Source data
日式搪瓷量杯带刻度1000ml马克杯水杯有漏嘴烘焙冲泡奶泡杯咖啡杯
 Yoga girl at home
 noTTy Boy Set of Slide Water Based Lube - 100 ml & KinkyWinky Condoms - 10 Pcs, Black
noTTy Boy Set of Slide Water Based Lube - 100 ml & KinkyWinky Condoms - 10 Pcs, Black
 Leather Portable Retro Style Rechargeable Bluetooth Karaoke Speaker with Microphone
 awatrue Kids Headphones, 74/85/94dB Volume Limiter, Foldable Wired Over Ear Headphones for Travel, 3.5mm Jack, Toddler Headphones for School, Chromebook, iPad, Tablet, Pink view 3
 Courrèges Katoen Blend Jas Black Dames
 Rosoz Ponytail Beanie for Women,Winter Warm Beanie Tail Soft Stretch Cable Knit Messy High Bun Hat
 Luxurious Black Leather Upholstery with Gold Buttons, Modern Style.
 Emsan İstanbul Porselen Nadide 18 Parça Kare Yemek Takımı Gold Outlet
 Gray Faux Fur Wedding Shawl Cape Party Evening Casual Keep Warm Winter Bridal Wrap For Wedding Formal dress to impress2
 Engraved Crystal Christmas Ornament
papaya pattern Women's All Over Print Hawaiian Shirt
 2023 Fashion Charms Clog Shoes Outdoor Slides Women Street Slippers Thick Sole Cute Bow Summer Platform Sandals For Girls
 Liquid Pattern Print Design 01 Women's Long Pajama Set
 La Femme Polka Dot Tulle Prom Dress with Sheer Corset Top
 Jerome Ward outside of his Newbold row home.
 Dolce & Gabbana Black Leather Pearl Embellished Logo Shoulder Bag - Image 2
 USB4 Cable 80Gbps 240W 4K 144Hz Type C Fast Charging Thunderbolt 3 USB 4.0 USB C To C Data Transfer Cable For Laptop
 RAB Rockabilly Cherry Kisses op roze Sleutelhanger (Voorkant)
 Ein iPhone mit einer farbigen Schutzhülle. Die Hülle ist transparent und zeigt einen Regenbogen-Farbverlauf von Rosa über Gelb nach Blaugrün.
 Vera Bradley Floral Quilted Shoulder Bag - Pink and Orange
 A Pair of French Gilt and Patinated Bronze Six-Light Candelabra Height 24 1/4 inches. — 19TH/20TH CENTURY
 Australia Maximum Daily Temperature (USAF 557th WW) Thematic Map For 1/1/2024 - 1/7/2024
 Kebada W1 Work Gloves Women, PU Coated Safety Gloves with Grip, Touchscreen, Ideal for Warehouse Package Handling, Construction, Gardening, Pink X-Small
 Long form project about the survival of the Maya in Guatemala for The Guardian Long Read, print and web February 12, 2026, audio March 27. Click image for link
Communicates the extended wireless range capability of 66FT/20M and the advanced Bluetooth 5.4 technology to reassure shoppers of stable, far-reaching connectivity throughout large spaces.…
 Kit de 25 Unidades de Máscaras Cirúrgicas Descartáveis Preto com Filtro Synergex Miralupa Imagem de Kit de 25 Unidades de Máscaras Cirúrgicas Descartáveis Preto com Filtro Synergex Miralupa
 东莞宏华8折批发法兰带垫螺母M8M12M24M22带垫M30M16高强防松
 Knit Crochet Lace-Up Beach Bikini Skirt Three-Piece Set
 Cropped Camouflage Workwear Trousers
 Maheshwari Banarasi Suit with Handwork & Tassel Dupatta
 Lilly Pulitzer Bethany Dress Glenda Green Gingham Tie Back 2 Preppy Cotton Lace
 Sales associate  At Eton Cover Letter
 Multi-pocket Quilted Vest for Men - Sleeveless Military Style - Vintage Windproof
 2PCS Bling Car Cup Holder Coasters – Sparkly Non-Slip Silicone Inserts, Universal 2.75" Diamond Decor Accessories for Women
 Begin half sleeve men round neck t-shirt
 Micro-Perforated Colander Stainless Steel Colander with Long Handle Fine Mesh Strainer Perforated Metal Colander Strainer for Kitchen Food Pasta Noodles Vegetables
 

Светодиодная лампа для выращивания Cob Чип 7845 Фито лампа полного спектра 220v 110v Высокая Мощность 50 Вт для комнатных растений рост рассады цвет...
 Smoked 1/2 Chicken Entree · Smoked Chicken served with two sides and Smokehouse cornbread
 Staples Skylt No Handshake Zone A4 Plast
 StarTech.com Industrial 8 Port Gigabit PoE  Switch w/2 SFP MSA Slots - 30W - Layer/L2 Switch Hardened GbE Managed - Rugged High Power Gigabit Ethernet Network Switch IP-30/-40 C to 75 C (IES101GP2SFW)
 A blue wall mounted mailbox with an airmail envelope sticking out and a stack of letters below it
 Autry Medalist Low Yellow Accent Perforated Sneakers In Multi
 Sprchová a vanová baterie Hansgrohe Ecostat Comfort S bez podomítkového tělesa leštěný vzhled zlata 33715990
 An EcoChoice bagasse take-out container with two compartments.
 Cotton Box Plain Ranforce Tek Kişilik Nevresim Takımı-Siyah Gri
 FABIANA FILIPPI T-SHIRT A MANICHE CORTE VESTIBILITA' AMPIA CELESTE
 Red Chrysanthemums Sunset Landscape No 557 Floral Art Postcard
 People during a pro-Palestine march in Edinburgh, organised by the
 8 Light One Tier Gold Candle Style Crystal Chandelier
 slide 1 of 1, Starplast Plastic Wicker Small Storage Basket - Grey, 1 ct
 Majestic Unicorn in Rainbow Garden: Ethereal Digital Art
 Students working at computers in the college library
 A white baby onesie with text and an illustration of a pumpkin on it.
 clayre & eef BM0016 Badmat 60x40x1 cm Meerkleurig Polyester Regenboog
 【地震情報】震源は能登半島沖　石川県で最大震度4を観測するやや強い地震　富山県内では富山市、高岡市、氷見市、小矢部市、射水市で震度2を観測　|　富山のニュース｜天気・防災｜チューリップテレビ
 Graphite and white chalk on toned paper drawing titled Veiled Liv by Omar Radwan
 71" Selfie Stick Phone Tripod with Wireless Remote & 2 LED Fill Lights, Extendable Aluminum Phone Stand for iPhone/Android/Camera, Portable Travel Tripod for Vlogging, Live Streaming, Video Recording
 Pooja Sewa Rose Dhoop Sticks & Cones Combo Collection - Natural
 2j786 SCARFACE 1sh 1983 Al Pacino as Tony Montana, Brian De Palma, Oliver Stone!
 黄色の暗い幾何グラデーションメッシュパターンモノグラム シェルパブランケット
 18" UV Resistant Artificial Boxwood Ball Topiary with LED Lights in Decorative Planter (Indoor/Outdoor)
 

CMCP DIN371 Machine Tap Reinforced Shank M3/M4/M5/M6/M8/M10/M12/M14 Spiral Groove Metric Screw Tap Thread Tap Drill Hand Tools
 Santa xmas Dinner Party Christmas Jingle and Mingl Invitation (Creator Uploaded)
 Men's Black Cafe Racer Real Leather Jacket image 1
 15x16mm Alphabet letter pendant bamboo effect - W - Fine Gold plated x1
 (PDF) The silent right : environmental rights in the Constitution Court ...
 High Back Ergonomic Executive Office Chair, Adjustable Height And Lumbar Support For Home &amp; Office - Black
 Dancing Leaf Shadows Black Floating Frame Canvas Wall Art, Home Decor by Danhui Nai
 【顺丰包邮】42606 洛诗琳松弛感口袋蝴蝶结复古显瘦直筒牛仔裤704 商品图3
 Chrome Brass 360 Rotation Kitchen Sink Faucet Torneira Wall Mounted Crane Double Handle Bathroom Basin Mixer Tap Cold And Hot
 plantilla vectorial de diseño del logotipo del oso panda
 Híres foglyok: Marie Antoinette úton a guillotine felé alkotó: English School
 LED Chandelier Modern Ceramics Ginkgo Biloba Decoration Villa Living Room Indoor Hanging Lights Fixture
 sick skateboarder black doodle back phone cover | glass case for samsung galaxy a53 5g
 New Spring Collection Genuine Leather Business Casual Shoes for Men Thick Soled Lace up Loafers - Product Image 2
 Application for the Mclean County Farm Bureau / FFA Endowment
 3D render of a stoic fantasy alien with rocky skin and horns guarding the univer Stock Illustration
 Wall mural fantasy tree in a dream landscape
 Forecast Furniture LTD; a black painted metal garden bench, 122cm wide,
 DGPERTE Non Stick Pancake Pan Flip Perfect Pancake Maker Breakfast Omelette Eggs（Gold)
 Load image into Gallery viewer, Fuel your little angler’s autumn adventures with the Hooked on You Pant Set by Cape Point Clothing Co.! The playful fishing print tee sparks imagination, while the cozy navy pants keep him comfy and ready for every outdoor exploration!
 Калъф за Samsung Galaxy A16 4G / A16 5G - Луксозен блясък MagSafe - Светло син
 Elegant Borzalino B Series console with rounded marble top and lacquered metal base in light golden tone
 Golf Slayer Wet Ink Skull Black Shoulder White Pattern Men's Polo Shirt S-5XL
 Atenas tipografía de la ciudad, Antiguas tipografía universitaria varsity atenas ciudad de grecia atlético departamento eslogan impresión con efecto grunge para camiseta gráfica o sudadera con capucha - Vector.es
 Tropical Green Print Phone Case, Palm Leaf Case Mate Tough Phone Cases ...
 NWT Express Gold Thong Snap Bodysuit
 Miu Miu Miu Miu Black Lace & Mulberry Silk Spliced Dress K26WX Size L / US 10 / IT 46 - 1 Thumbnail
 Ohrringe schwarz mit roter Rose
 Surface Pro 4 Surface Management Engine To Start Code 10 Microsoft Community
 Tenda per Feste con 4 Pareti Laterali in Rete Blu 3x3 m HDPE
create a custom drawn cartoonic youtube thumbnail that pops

## Task directions
Among the lines above, repeat exactly those from the line with "Maheshwari Banarasi Suit" to the line with "Autry Medalist Low", counting both ends.

## Answer below
 Maheshwari Banarasi Suit with Handwork & Tassel Dupatta
 Lilly Pulitzer Bethany Dress Glenda Green Gingham Tie Back 2 Preppy Cotton Lace
 Sales associate  At Eton Cover Letter
 Multi-pocket Quilted Vest for Men - Sleeveless Military Style - Vintage Windproof
 2PCS Bling Car Cup Holder Coasters – Sparkly Non-Slip Silicone Inserts, Universal 2.75" Diamond Decor Accessories for Women
 Begin half sleeve men round neck t-shirt
 Micro-Perforated Colander Stainless Steel Colander with Long Handle Fine Mesh Strainer Perforated Metal Colander Strainer for Kitchen Food Pasta Noodles Vegetables
 

Светодиодная лампа для выращивания Cob Чип 7845 Фито лампа полного спектра 220v 110v Высокая Мощность 50 Вт для комнатных растений рост рассады цвет...
 Smoked 1/2 Chicken Entree · Smoked Chicken served with two sides and Smokehouse cornbread
 Staples Skylt No Handshake Zone A4 Plast
 StarTech.com Industrial 8 Port Gigabit PoE  Switch w/2 SFP MSA Slots - 30W - Layer/L2 Switch Hardened GbE Managed - Rugged High Power Gigabit Ethernet Network Switch IP-30/-40 C to 75 C (IES101GP2SFW)
 A blue wall mounted mailbox with an airmail envelope sticking out and a stack of letters below it
 Autry Medalist Low Yellow Accent Perforated Sneakers In Multi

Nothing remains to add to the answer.